Deux heures avant le match, le stade est plein, les portes se ferment. À l’extérieur, ils sont des centaines à être frustrés de ne pas pouvoir entrer.
Des jeunes en claquettes se font la courte échelle, escaladent le mur d’enceinte, manquant de se blesser sur les dangereux pics qui le couronnent. Les policiers repoussent les curieux à coups de matraques et de tirs de gaz lacrymogène, alimentant les ressentiments des supporters déçu par la défaite de Didier Drogba à l’élection de la FIF.
« Sans Didier Drogba, il n’y aura pas de CAN. Nous avons décidé de supporter le Lys, parce que c’est le Lys qui a donné sa voix à Didier Drogba. »
Une ovation lors de l’entrée de Drogba sur la pelouse
En raison de ce soutien à Didier Drogba, le petit club de la région du Gbôklé a multiplié par 100 ses abonnés Facebook en 8 jours seulement et a été couvert de cadeaux, en cash ou en nature.
« Je suis à nouveau supporter du Lys, parce que le président du Lys a décidé de faire rénover le football en Côte d’Ivoire.

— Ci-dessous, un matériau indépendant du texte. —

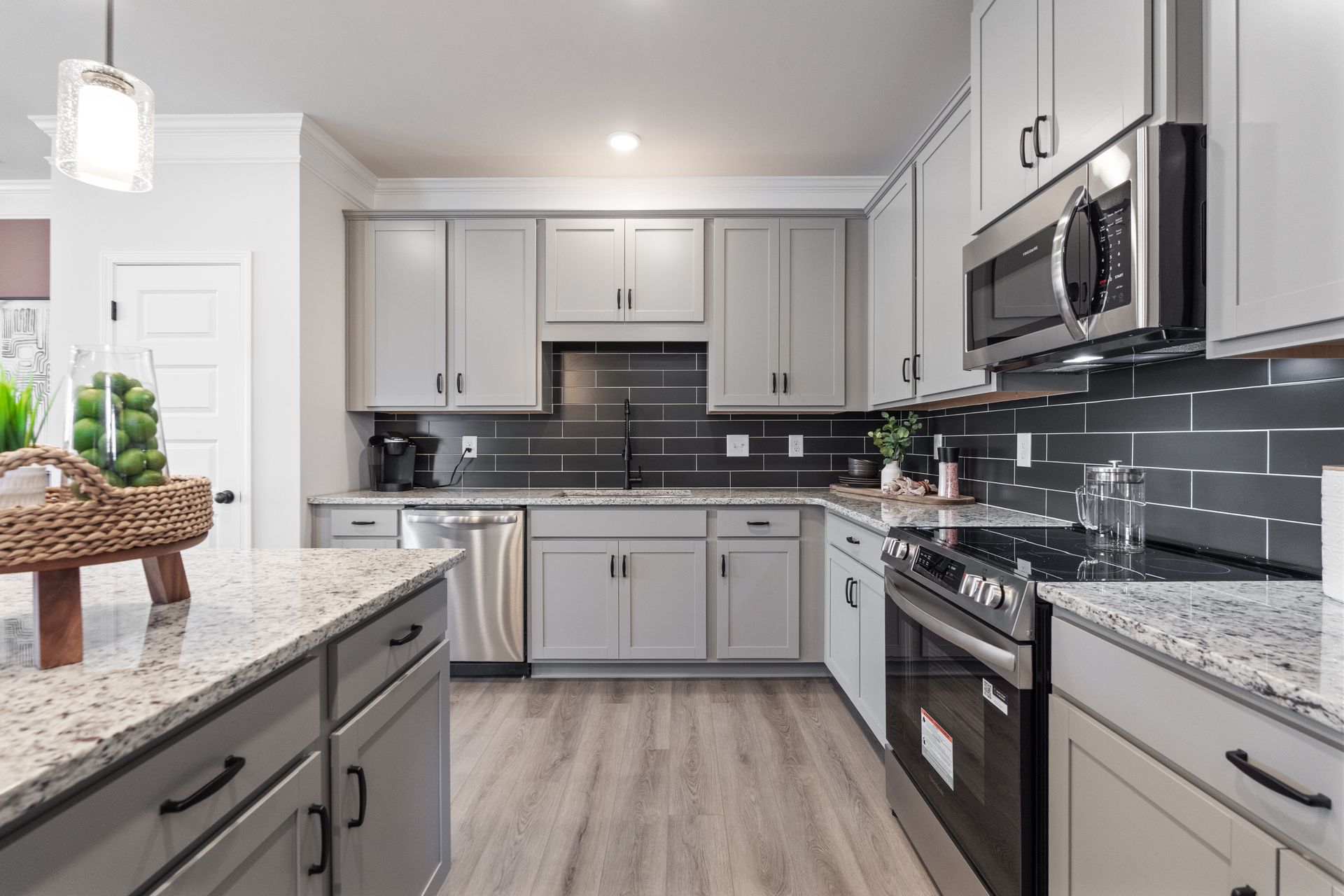 The Ellison II - Kitchen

Voilà pourquoi nous sommes là aujourd’hui. Tous ceux qui dirigent la FIF aujourd’hui n’ont pas apporté quelque chose de bon. Ce sont des marmailleurs, comme on dit, des gens qui font ce qu’ils veulent. Nous voulons le développement du football, c’est pourquoi nous soutenons la renaissance du football par Didier Drogba. »
Lorsque l’ancien numéro 11 et vainqueur de la Ligue des champions arrive aux abords du stade, une foule en liesse poursuit son véhicule.

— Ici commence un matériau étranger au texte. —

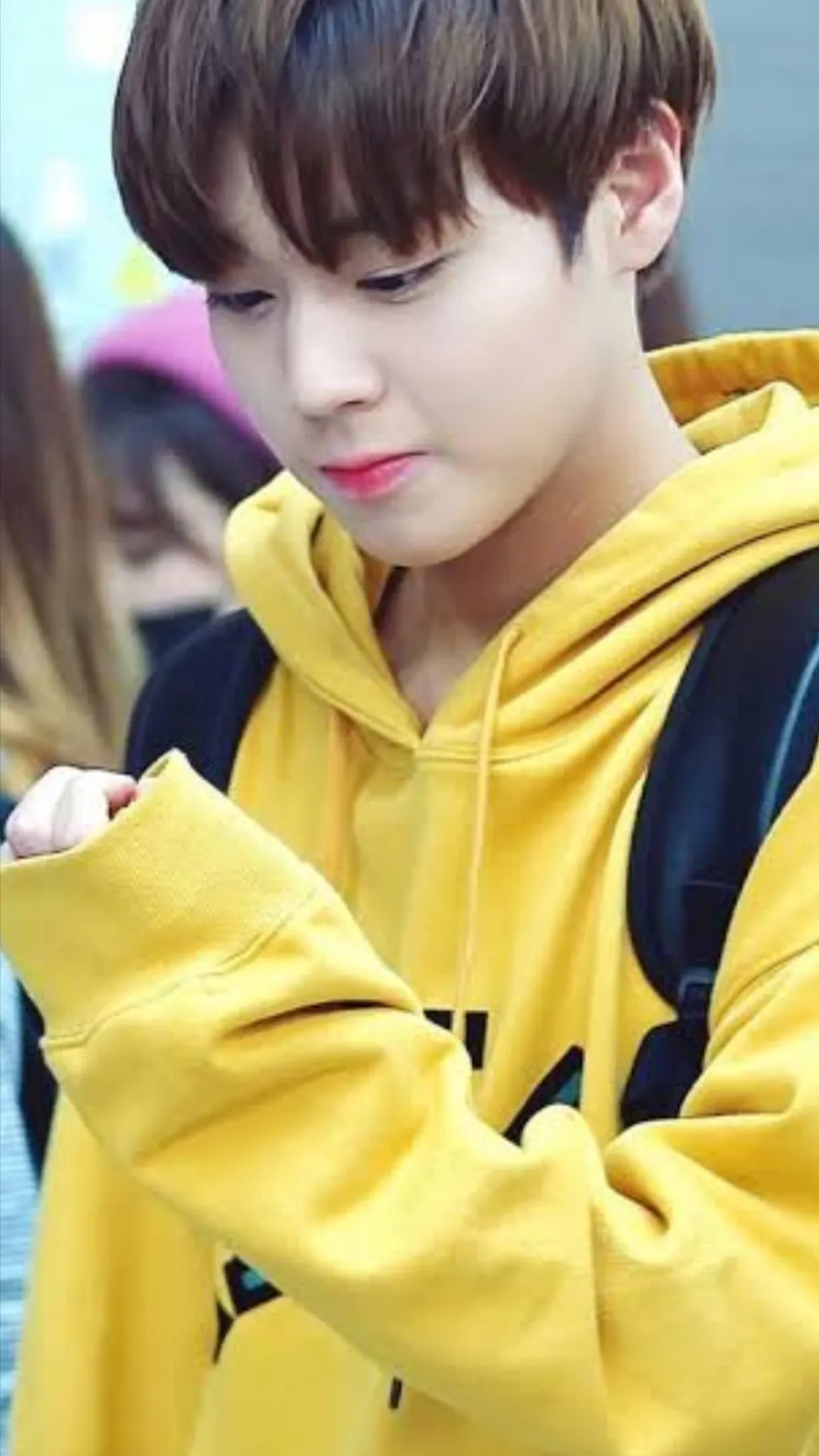 ai character: Park jihoon  background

Après 20 minutes d’attente, l’enfant de Gagnoa rejoint les tribunes le poing levé et habillé du maillot du Lys. Le stade exulte. Il s’offre un tour d’honneur, comme pour tester si sa popularité est restée intacte, et s’adresse aux joueurs de Lys au milieu du terrain : « Écoutez-moi bien : remerciez toujours les supporters, allez les remercier s’il vous plaît. Allez-y, faites un tour d’honneur, c’est pour vous ça. Faites-vous plaisir ».
Un échec vu comme une injustice
Le président du club de Lys, Dia Mamadou, malgré la défaite de son équipe ce soir-là, ne cache pas son émotion : « C’est une fête. Les supporters sont heureux, la population est heureuse, c’est le plus important. Le football est fait pour ça, ça prouve qu’on pourra faire évoluer le football ivoirien. Ça nous donne la force de continuer à travailler, à construire, éduquer, préparer nos enfants pour obtenir le maximum ».

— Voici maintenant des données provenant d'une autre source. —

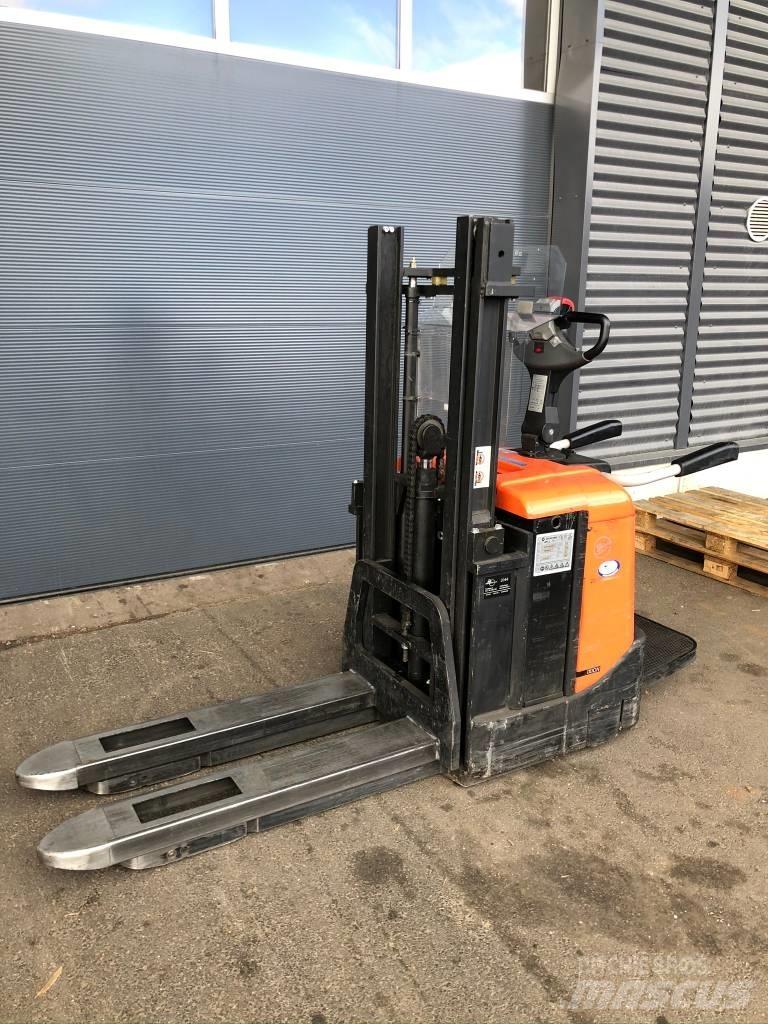BT SPE 125 Self propelled stackers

L’échec de Didier Drogba, qui n’a pas été élu président de la Fédération, a été vécu comme une injustice par beaucoup, qui jugent l’institution gangrenée par la corruption et incapable d’assurer de bonnes conditions de travail aux footballeurs ivoiriens. Pour tenter de faire taire les critiques, le nouveau président de la FIF, Idriss Diallo, a pris une mesure symbolique forte, trois jours après son élection : le doublement du salaire minimum des joueurs professionnels, qui passe ainsi de 60 000 à 120 000 francs CFA.